Na década de 1970, já afastado da Abril, Elifas Andreato foi responsável pelas capas mais contundentes das publicações de oposição ao regime, como a revista Argumento e os jornais Opinião e Movimento. Trabalho dobrado, porque, na maioria das vezes, os originais eram vetados pela censura e precisavam ser refeitos. As tentativas de ludibriar os censores podiam ser traumáticas. Certa vez, submeteu ao censor um desenho em branco e preto de Dom Paulo Evaristo Arns para a capa de Opinião, mas, na gráfica, aplicou a tinta vermelha da roupa do cardeal. Resultado: um tapa na cara e três horas num camburão. “Era humilhante o que eles faziam. Além de baterem, o interrogatório era violento e repleto de insultos”.
Passou a fazer cartazes de teatro. Para a peça Mortos sem sepultura, de Jean-Paul Sartre, desenhou um torturado no pau de arara. Para disfarçar, no canto inferior da imagem, colocou um soldado com a suástica no ombro. Não adiantou, os cartazes foram recolhidos. Contra o argumento de que a história se passava na França ocupada pelos nazistas na Segunda Guerra Mundial, os policiais retrucaram: “Nada disso. O pau de arara é uma invenção brasileira.”
Outra denúncia de tortura foi a obra originalmente feita para uma exposição comemorativa do centenário de Pablo Picasso, em 1981. A imagem acrescenta elementos do quadro Guernica ao assassinato do jornalista Vladimir Herzog, ocorrido em São Paulo, em 1975, no mesmo dia do nascimento do pintor espanhol, 25 de outubro. Por meio de sua arte, Elifas nos adverte: a barbárie está à espreita, em qualquer época ou país.
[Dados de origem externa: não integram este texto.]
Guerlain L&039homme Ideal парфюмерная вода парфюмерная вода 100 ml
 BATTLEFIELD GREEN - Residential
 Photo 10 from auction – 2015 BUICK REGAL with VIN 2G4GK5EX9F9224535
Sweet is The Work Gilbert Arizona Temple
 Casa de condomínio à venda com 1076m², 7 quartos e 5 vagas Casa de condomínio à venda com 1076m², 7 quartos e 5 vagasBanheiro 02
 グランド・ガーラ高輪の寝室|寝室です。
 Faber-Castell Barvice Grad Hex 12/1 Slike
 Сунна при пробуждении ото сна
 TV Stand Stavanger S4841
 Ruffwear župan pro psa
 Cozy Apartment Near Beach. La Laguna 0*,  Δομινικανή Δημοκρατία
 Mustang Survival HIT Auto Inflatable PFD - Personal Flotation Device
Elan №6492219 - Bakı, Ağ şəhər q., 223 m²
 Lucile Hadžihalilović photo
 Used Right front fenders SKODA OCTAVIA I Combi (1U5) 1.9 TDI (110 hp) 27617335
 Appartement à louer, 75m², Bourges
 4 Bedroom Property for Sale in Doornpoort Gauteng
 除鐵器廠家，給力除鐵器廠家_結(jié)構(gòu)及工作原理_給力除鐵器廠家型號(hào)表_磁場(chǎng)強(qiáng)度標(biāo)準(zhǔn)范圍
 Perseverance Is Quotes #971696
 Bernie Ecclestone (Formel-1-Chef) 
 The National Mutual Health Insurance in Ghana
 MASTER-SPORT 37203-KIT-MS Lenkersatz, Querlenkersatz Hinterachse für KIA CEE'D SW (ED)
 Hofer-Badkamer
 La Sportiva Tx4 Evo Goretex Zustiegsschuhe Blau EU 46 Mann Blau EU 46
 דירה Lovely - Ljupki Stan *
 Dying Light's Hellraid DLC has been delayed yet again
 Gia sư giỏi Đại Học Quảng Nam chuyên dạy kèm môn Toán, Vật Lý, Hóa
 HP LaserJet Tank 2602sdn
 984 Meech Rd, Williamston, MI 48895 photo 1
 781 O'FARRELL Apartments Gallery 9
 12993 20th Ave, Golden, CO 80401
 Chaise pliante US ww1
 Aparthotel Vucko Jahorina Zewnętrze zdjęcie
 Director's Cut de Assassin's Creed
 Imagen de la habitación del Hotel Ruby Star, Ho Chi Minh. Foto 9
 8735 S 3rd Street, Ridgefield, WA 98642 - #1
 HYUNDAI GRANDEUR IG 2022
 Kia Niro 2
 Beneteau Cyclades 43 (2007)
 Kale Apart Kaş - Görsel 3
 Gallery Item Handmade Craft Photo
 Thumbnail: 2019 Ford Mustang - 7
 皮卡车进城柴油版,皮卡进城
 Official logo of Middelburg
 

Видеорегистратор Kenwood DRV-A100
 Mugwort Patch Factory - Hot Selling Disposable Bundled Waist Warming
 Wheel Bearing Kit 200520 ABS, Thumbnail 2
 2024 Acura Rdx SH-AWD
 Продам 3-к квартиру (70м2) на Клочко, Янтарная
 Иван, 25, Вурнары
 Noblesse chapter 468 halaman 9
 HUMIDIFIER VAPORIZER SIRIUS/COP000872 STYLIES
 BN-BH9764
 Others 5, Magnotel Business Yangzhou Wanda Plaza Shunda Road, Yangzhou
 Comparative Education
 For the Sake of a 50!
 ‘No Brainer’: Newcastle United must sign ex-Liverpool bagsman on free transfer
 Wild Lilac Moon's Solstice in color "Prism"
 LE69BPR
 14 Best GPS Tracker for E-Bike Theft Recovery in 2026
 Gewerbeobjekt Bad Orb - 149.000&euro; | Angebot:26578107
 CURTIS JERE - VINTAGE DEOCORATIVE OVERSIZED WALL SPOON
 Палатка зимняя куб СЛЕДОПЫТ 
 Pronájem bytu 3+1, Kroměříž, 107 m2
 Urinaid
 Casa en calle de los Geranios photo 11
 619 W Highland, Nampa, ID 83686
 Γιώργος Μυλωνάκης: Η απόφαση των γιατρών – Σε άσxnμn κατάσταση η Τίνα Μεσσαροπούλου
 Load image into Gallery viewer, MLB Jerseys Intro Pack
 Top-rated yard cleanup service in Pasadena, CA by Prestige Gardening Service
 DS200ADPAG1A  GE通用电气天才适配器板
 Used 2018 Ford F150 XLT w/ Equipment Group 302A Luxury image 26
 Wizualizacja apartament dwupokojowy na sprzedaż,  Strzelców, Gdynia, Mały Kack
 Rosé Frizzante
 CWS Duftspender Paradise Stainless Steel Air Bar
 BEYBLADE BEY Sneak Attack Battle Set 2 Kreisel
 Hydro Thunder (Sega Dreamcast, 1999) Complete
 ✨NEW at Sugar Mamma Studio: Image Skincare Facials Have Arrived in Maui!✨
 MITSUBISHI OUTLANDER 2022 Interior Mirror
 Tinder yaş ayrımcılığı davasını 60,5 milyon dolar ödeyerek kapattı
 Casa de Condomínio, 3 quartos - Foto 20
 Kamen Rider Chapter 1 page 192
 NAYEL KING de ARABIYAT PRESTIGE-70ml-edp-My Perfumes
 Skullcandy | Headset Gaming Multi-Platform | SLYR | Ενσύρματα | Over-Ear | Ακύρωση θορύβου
Professor de Artes na Universidade de São Paulo (USP) sem nunca ter passado por um banco de escola, Elifas Andreato assumiu também o jornalismo ao criar e editar o Almanaque Brasil de Cultura Popular, inicialmente uma revista distribuída a bordo dos aviões da TAM (atual LATAM). Em 2016, ao completar 70 anos de idade e 50 de carreira, se autodefiniu nestes termos: “Sempre fui preocupado com as liberdades básicas de cada pessoa, com os direitos humanos, independentemente de siglas partidárias. Minha vocação é a militância, a esperança, a brasilidade.”